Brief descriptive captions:
________________________________________

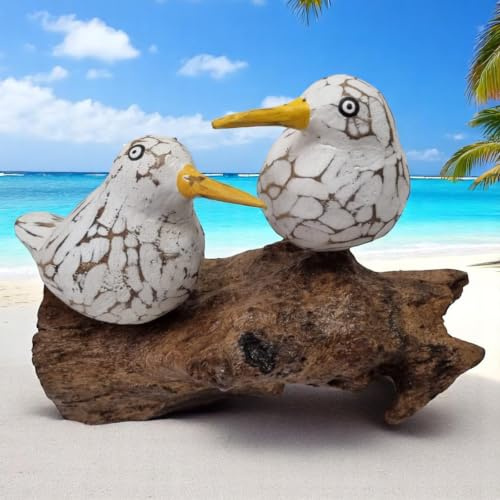 Kinaree fågeldekoration från Bali – handsnidad träfågel på teak rot, vitfärgad, maritim stranddekoration, individuellt eller som par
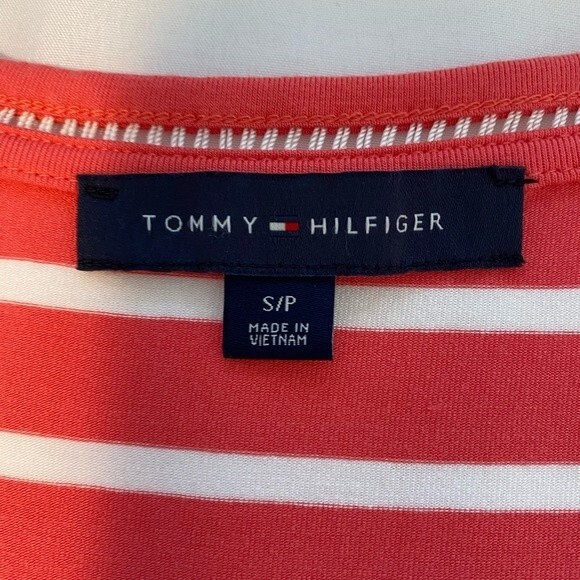 TOMMY HILFIGER ladies top coral cream stripe unique neck detail SP - Picture 3 of 9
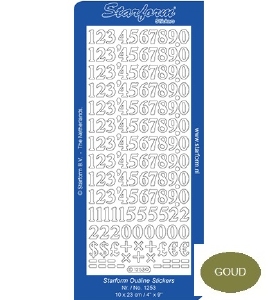 Stickervel Starform 1253-1 Cijfers 10mm, Goud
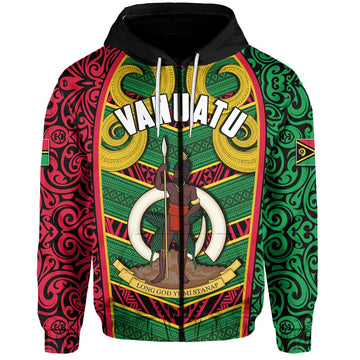Vanuatu Zip Hoodie Independence Day Pig Tusk LT6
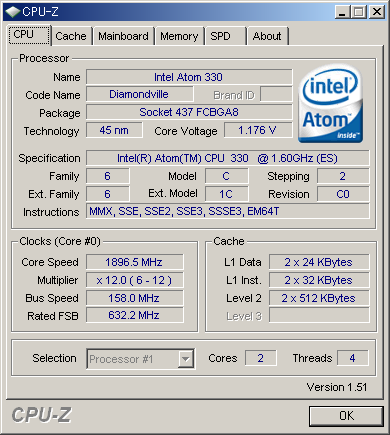 CPU-Z(133MHz -> 158MHzにオーバークロック)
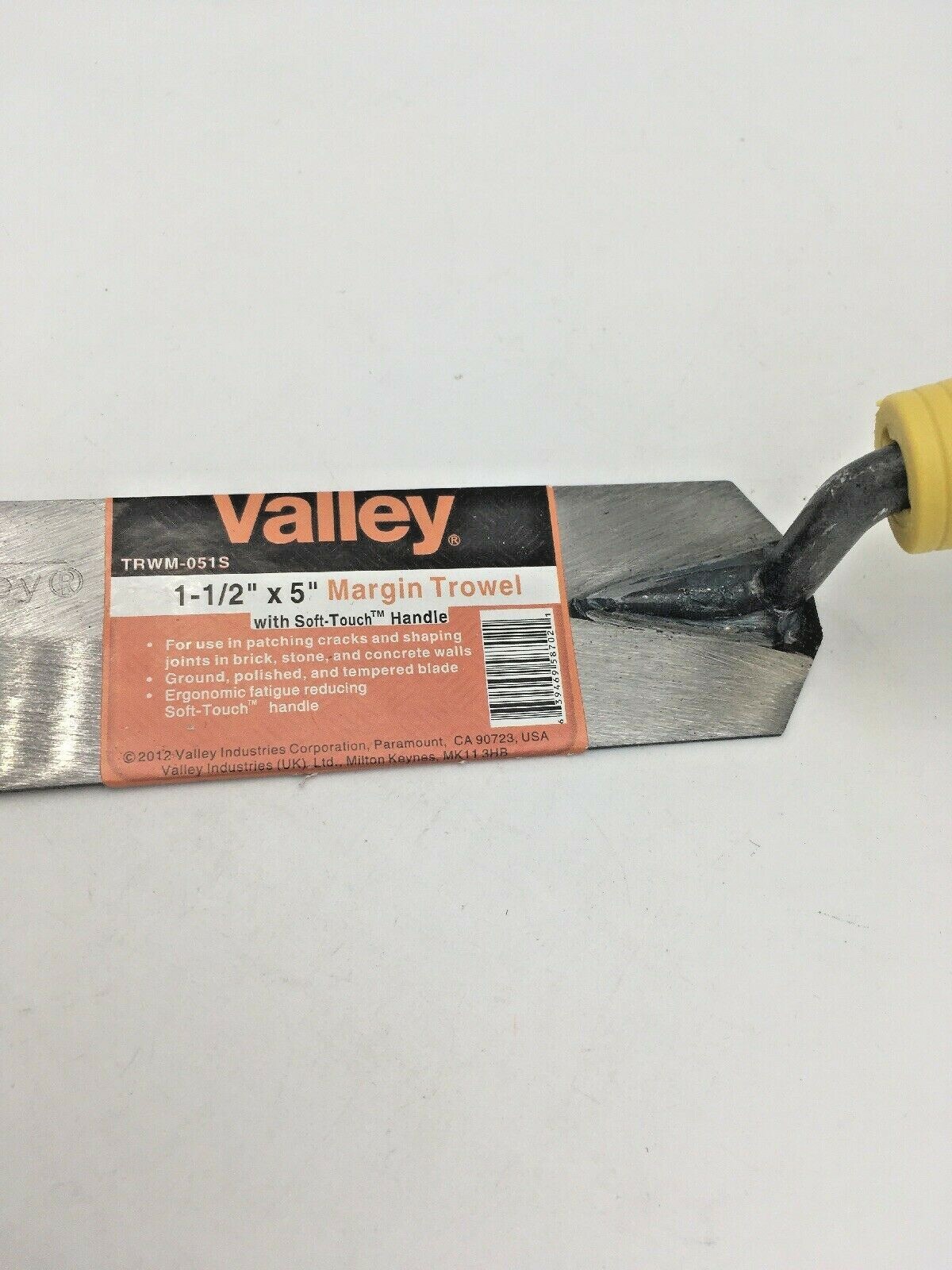 1-1/2” X 5” Margin Trowel Soft-Touch Plastic Handle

________________________________________

▶ _Task requirements_
Exclude the pictures, then write out every record exactly as it stands.

▶ _Your solution_
 Kinaree fågeldekoration från Bali – handsnidad träfågel på teak rot, vitfärgad, maritim stranddekoration, individuellt eller som par
 TOMMY HILFIGER ladies top coral cream stripe unique neck detail SP - Picture 3 of 9
 Stickervel Starform 1253-1 Cijfers 10mm, Goud
Vanuatu Zip Hoodie Independence Day Pig Tusk LT6
 CPU-Z(133MHz -> 158MHzにオーバークロック)
 1-1/2” X 5” Margin Trowel Soft-Touch Plastic Handle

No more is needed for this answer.